And bliss is…

When I was a kid growing up on a pint-sized farm in Western Australia, I thought shoes were a grown-up horror. Bare feet were bliss.

Ah, those hot summer days feeling the dust under one’s toes, those cold wintry days of slopping along the long shallow ditch through the cow paddock pulling a home made “boat” (actually just a shaped piece of wood with a nail at the pointy end) behind me on a piece of knotted string… Ok, so I’d emerge with blue toes at the end, and have to race back to the house to get warm again, but that was half the fun.

At school, we’d take our shoes off the moment we hit the bare earth of the playground and not put them back on until the bell went to bring us inside again. The boys often wouldn’t even do that much. They’d sneak inside without shoes and at the end of the day their soles would be black because those jarrah board floors happily gave up some of their ingrained generations of oil…
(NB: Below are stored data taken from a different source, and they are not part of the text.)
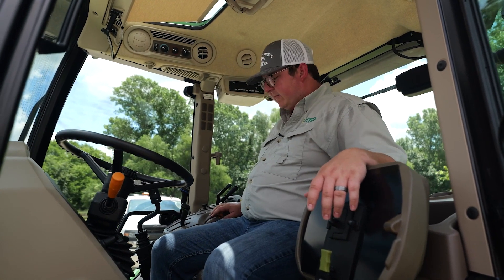Here in the front, this will be the third function I was talking about. When I say three functions on that front end loader: the first function will be the up and down of the loader, the second would be your bucket tilt, and then this third would be your hydraulic remotes. So if you wanted to run a grapple, you're already plumbed in and ready to go on this premium cab, where you're not on the standard cab.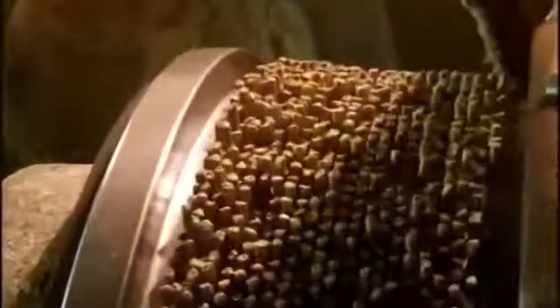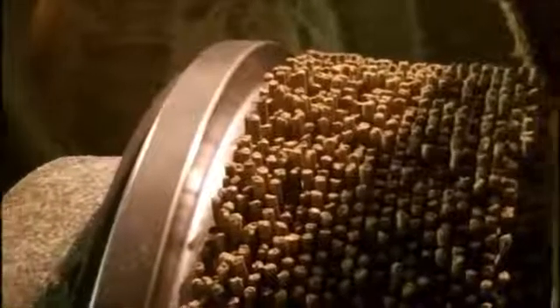Alright, we're back here by our pellet mill. We brought ingredients from outside, we ground them, we mixed them together, and now they go through a conditioner chamber right above me. We heat it up to 170 to 190 degrees. Then it falls down here, and this presses out to make pellets. The pellets fall down below, and we'll go look at the coolers next.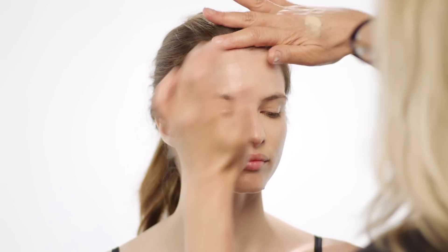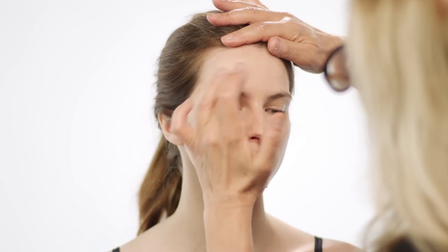Your foundation takes longer than anything else — this is the bit you spend time on. I'm now going to use the Amazing Cosmetics Concealer. You're going to just pat it in, down onto the face a bit, onto the cheekbone so it's seamless.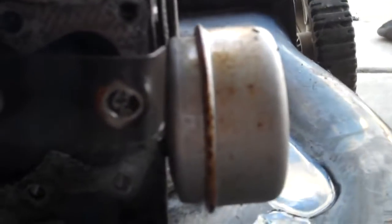Spray some more Windex on there. And I don't see any bubbling, so that would mean that the valve is not bent.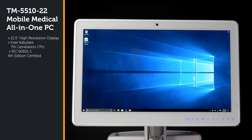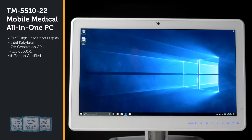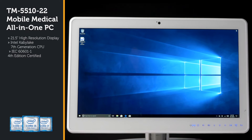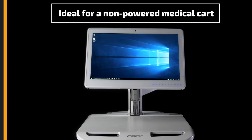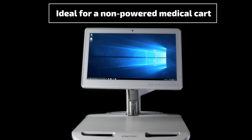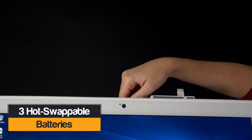The TM551022 Mobile Medical All-in-One PC has a 21.5-inch high-resolution display with Intel Kaby Lake 7th generation CPU. It never needs to be plugged into the wall, as it has three hot swappable batteries that can power the PC for a whole shift of about nine hours.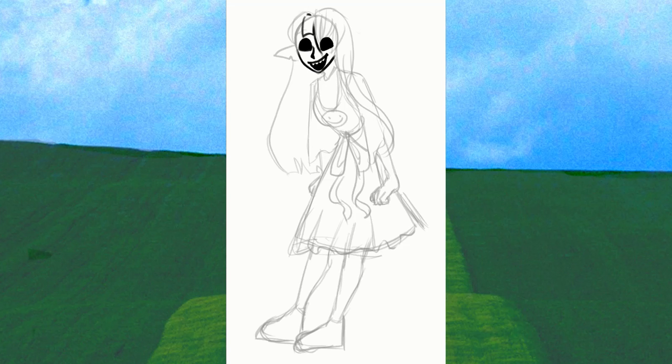Very recently, I lost my pen. I was very sad — I couldn't draw. And then I got another pen, so now I'm drawing. After a couple days of withdrawal from not drawing, I got so much inspiration.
Of course I paid a price for all that. I have two scars on the top of my feet still clearly visible nearly 60 years later. Whatever scars I had on the soles have long been worn off. The other price I still pay. I grew up with broad feet, typical of people who run around bare foot in their growing years.

As I have small feet otherwise, finding shoes to fit has always been a problem.

Today I walked into a shoe shop, wasn’t intending to buy anything, truly – I was just waiting for my husband – and I found a brand of shoe that fitted me beautifully. And they had my size. Fifteen minutes later I walked out with three pairs of shoes that fit. And look good. And made with leather uppers. And they weren’t expensive either.

Now that is bliss.


And bliss is… — 7 Comments

  1. Didn’t meant to buy anything, yeah, as if we believe that!!!! I’m afraid I don’t do shoes any more, these days I tend to live in running shoes be it summer or winter. As they have orthotics, they are so comfortable and at my age, who cares.

  2. I empathise Glenda because I have the same problem for the same reasons as you.

    My barefeet youth nemesis.
    1. Bindi Eyes – Eye shaped thorny weeds cunningly hiding in grass.
    2. Chillblanes in winter.
    3. Disputes with my mother about waring clunky, pinching shoes to school.
    4. Plantar warts that had to be surgically removed from the soles of my feet as a teenager.
    5. Finding comfortable shoes for my wide feet even today.

    Otherwise, the sheer bliss of running around in bare feet on a farm in my youth.

  3. The only thing better than finding that serendipitous pair of shoes would be finding the perfect handbag to match…..mmmmmm, love handbags!!!!

  4. Bare feet it’s soo cool ^^ i would always wear it that way if i could too!

    My favourites shoes are the flip-flops one, isn’t it funny for someone who has been a shoe seller a few years ! I’ve seen so many people with painfull shoes because they prefer to look nice.Wearing some comfortable shoes is really so important, otherwise you get your feet distorted (can we say distorted en english for feet ?)

    In france there is a saying ‘c’est souvent le cordonnier le plus mal chaussĂ©’ in english i’ve discovered this translation “The shoemaker’s children are often shoeless” ^^

  5. Are bindi eyes the same thing as double gees? They were the nemesis of my childhood. They are caltrops with dagger sharp thorns, at least one of which was always turned upwards. They are hard and strong enough to stab through layers of hard sole (de rigeur for a constantly barefoot child) and still draw blood. I loathed the things.

    And Gynie, sexy or not, I have always hated high heels, even though I have worn them at times. I guess I just like comfort too much…

  6. Gynie that means that the shoemakers children are often too poor to be able to afford shoes not going barefoot for preference.

    Flip Flops are very very bad for your feet according to my foot nurse.